* The task:
Would you retype each of the records exactly as shown?

* Entries supplied:
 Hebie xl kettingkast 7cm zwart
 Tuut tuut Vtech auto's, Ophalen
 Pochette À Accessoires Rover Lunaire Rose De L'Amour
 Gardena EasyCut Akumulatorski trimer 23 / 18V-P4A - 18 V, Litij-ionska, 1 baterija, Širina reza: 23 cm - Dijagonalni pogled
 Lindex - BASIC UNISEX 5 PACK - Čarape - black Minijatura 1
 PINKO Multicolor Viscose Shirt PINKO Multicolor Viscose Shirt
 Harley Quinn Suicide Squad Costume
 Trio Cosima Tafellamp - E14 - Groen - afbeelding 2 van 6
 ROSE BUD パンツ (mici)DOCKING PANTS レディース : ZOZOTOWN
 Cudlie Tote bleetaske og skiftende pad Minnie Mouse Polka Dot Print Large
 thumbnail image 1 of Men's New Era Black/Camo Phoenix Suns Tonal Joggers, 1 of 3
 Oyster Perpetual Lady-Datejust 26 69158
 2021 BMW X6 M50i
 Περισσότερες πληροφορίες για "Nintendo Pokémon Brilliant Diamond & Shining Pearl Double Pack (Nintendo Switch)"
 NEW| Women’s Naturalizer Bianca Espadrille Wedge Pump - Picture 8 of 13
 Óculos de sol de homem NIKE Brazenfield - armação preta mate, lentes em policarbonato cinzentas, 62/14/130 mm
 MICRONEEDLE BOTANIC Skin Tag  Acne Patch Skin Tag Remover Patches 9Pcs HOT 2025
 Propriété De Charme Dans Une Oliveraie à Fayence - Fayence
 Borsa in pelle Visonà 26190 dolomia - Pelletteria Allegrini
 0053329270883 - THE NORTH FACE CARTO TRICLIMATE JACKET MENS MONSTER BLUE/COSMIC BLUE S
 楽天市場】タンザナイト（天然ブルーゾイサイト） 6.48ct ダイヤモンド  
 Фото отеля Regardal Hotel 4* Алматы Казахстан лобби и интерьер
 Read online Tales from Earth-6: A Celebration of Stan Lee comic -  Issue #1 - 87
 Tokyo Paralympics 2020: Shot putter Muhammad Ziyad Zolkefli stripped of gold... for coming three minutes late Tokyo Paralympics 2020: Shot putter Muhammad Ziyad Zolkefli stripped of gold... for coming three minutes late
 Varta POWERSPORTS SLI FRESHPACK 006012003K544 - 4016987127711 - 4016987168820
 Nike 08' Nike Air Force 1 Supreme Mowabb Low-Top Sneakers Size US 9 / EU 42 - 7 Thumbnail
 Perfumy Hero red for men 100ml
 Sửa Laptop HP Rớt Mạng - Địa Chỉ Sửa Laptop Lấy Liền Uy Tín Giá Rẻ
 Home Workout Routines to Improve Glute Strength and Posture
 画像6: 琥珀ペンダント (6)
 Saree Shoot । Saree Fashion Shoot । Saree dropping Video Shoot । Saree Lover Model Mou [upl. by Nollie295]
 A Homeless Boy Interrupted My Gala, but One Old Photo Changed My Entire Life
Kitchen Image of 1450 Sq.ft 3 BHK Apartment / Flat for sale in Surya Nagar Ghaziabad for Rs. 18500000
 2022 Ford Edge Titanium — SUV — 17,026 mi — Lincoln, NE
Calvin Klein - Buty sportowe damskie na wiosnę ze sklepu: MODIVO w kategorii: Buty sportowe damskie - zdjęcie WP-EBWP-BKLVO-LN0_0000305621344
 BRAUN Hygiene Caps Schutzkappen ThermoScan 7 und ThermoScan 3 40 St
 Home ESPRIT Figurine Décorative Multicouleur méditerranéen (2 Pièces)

* Exercise response:
 Hebie xl kettingkast 7cm zwart
 Tuut tuut Vtech auto's, Ophalen
 Pochette À Accessoires Rover Lunaire Rose De L'Amour
 Gardena EasyCut Akumulatorski trimer 23 / 18V-P4A - 18 V, Litij-ionska, 1 baterija, Širina reza: 23 cm - Dijagonalni pogled
 Lindex - BASIC UNISEX 5 PACK - Čarape - black Minijatura 1
 PINKO Multicolor Viscose Shirt PINKO Multicolor Viscose Shirt
 Harley Quinn Suicide Squad Costume
 Trio Cosima Tafellamp - E14 - Groen - afbeelding 2 van 6
 ROSE BUD パンツ (mici)DOCKING PANTS レディース : ZOZOTOWN
 Cudlie Tote bleetaske og skiftende pad Minnie Mouse Polka Dot Print Large
 thumbnail image 1 of Men's New Era Black/Camo Phoenix Suns Tonal Joggers, 1 of 3
 Oyster Perpetual Lady-Datejust 26 69158
 2021 BMW X6 M50i
 Περισσότερες πληροφορίες για "Nintendo Pokémon Brilliant Diamond & Shining Pearl Double Pack (Nintendo Switch)"
 NEW| Women’s Naturalizer Bianca Espadrille Wedge Pump - Picture 8 of 13
 Óculos de sol de homem NIKE Brazenfield - armação preta mate, lentes em policarbonato cinzentas, 62/14/130 mm
 MICRONEEDLE BOTANIC Skin Tag  Acne Patch Skin Tag Remover Patches 9Pcs HOT 2025
 Propriété De Charme Dans Une Oliveraie à Fayence - Fayence
 Borsa in pelle Visonà 26190 dolomia - Pelletteria Allegrini
 0053329270883 - THE NORTH FACE CARTO TRICLIMATE JACKET MENS MONSTER BLUE/COSMIC BLUE S
 楽天市場】タンザナイト（天然ブルーゾイサイト） 6.48ct ダイヤモンド  
 Фото отеля Regardal Hotel 4* Алматы Казахстан лобби и интерьер
 Read online Tales from Earth-6: A Celebration of Stan Lee comic -  Issue #1 - 87
 Tokyo Paralympics 2020: Shot putter Muhammad Ziyad Zolkefli stripped of gold... for coming three minutes late Tokyo Paralympics 2020: Shot putter Muhammad Ziyad Zolkefli stripped of gold... for coming three minutes late
 Varta POWERSPORTS SLI FRESHPACK 006012003K544 - 4016987127711 - 4016987168820
 Nike 08' Nike Air Force 1 Supreme Mowabb Low-Top Sneakers Size US 9 / EU 42 - 7 Thumbnail
 Perfumy Hero red for men 100ml
 Sửa Laptop HP Rớt Mạng - Địa Chỉ Sửa Laptop Lấy Liền Uy Tín Giá Rẻ
 Home Workout Routines to Improve Glute Strength and Posture
 画像6: 琥珀ペンダント (6)
 Saree Shoot । Saree Fashion Shoot । Saree dropping Video Shoot । Saree Lover Model Mou [upl. by Nollie295]
 A Homeless Boy Interrupted My Gala, but One Old Photo Changed My Entire Life
Kitchen Image of 1450 Sq.ft 3 BHK Apartment / Flat for sale in Surya Nagar Ghaziabad for Rs. 18500000
 2022 Ford Edge Titanium — SUV — 17,026 mi — Lincoln, NE
Calvin Klein - Buty sportowe damskie na wiosnę ze sklepu: MODIVO w kategorii: Buty sportowe damskie - zdjęcie WP-EBWP-BKLVO-LN0_0000305621344
 BRAUN Hygiene Caps Schutzkappen ThermoScan 7 und ThermoScan 3 40 St
 Home ESPRIT Figurine Décorative Multicouleur méditerranéen (2 Pièces)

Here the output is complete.